The deaths of two young children following the sinking of a migrant boat in the English Channel have led to renewed calls for change.
At least four people have died in the tragedy, believed to be the single biggest loss of life during the current migrant crisis.
The two children were aged five and eight while the others were adults, French authorities confirmed.
Charities say there is “no excuse for failing to act now” and called on the UK Government to create a legal route for refugees.
Bertrand Ringot, the mayor of Gravelines, south west of Dunkirk, described the deaths as “tragic”.
He added that as the end of the Brexit transition period approaches, he will call for more security resources in the area around the port.

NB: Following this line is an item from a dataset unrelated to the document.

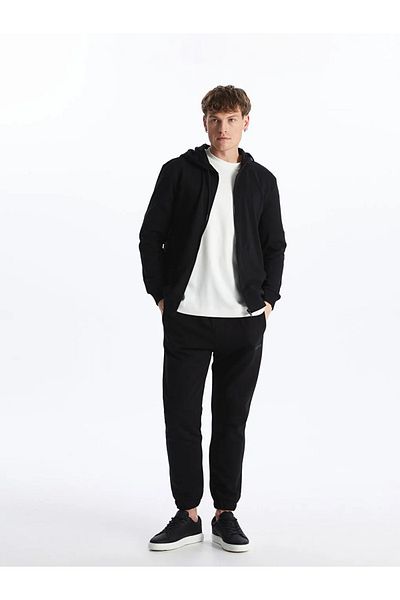LC Waikiki LCW Casual - Нов черен мъжки суитшърт с качулка, дълъг ръкав и цип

Bella Sankey, director of Detention Action, said: “News that a five-year-old child has died at sea while trying to reach safety in the UK is the horror that we dreaded would come.
“Where is the decency and common humanity of the UK Government?
“How can they allow our children to perish in this way? It would be easy to create a legal route for refugees who reach northern France to seek asylum in the UK; there is no excuse for failing to act now.”
Mariam Kemple Hardy, head of campaigns at Refugee Action, said the incident was “absolutely heartbreaking”.
She added: “Our thoughts are with the people caught up in this horrible tragedy, their families, and the rescuers.
“No-one wants to see people make dangerous crossings but the Government’s hostile rhetoric does nothing to help.
“It must stop trying to look tough and urgently create more safe and legal routes for people to seek sanctuary in the UK.”
Shadow home secretary Nick Thomas-Symonds tweeted: “This is an absolute tragedy. Our thoughts are with those who have lost loved ones and people who have been injured.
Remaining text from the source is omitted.